If in all ideology men and their circumstances appear upside-down as in a camera obscura, this phenomenon arises just as much from their historical life-process as the inversion of objects on the retina does from their physical life-process.

Monday, August 10, 2009

Coraline

For those who haven't seen it, I strongly recommend Coraline, the stop action film based on Neil Gaiman's novel. Ostensibly this is "for kids" but in no way is this a limitation; it's more like Coraline exceeds the division of a "child" aesthetic and an "adult" aesthetic. The device that allows this encompassing movement is its supreme creepiness.

When this movie came out I had to do a lot of driving for work, so I wound up hearing an interview with the maker about three times on NPR. Two things stuck with me: his insistence on doing this movie with stop-action figures rather than CGI, and his belief that what is most terrifying is age-indiscriminate. His instincts were right, because Coraline is very effective and I don't think too intense for kids. Maybe some kids. Why is it effective?

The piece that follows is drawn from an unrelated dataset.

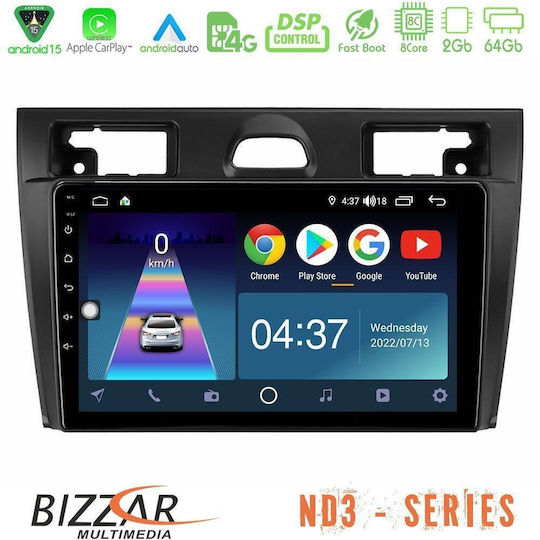 Bizzar Ηχοσύστημα Αυτοκινήτου για Ford Fiesta / Fusion 2006-2008 (Bluetooth/USB/WiFi/GPS/Apple-Carplay/Android-Auto) με Οθόνη Αφής 9"
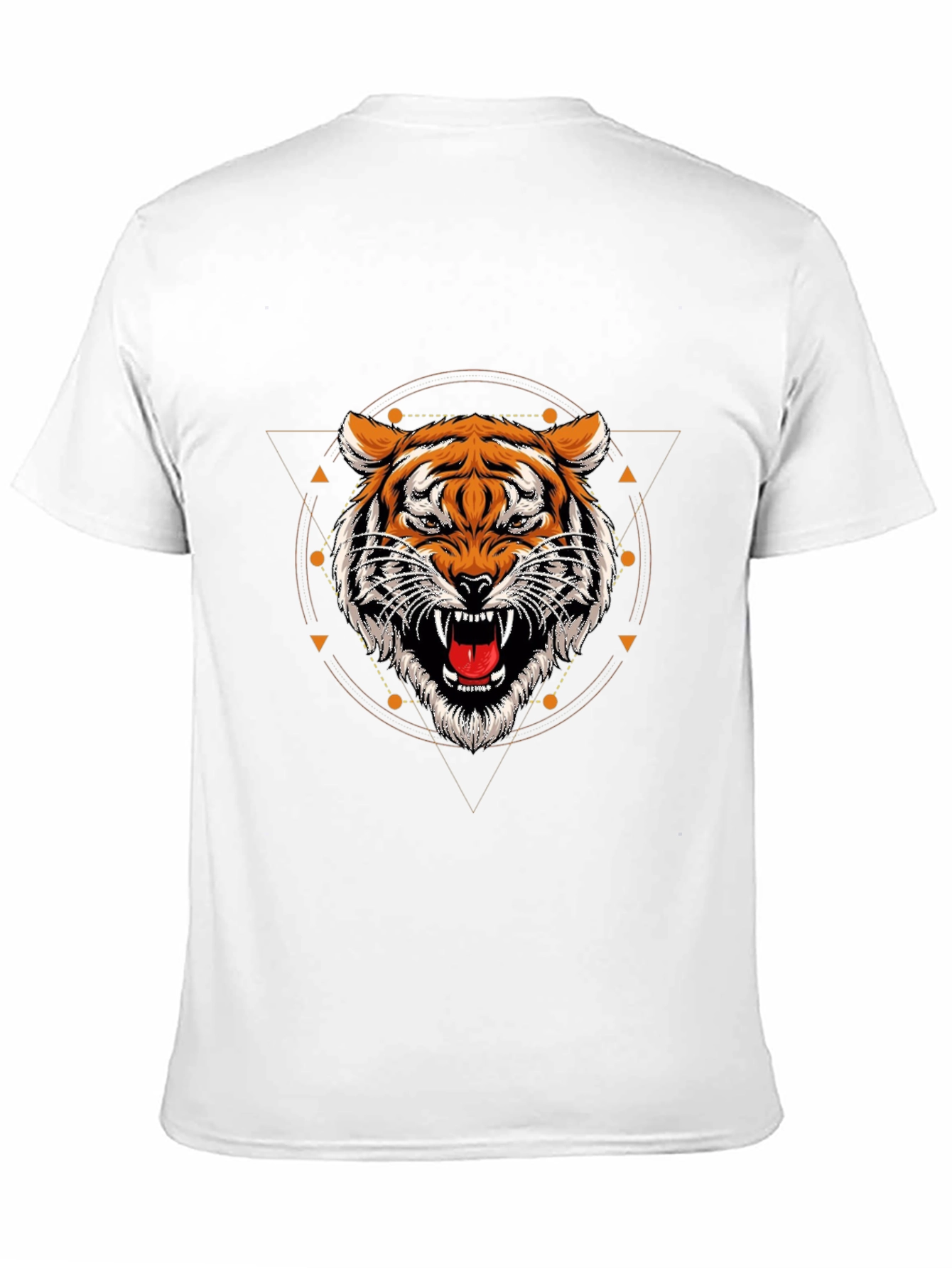 Geometric Tiger Graphic Tee - Stylish Black T-Shirt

The materiality of the figures is part of it--a small part, in comparison with the amazing directing and effects--but it is this part that creates the atmosphere of the uncanny (E. T. A. Hoffman's The Sandman is more than a passingly similar text, especially since Gaiman made his name with his own Sandman series. Here is a short film version). The animation is done superbly, but it has inevitable gliches or discontinuities almost too small to see. In an extremely subtle way, the movie reminds of us our own materiality and mortality. But the division within the movie between the "real" world and a seductive simulacrum in which everyone has buttons sewn over their eyes hinges on the idea of being a doll or being real. Yet we know that the "real" world is also made of dolls. The chain of signification establishes a dualism between real and false (and this is total division: ontology and ethics are synonymous) but then shows that this same division connects the screen-world to the viewer-world. Since materiality is the means by which the image reveals its construction, that the viewer-world possesses "the most" materiality makes it the most frightening. Things speak, have worlds: and, as in the flickering gaps of the claymation, the mode in which things reveal their other lives is by a minor absence. The imperfect fluidity of the figures does not break down narrative or meaning or affect; one could count it out entirely, or not even perceive it. This is what is terrifying: that the alterity of things can go unnoticed by the modes of perception and meaning most dear to modern humans. We like to think that anomalies will hail our attention and direct our colonization of all possible worlds. But there may be a profound indifference in the world, one that can take or leave our participation. Coraline is a kind of Spinozism for kids and it rightly shows that this is both marvelous and profoundly disturbing for humans, "awful" in the old sense.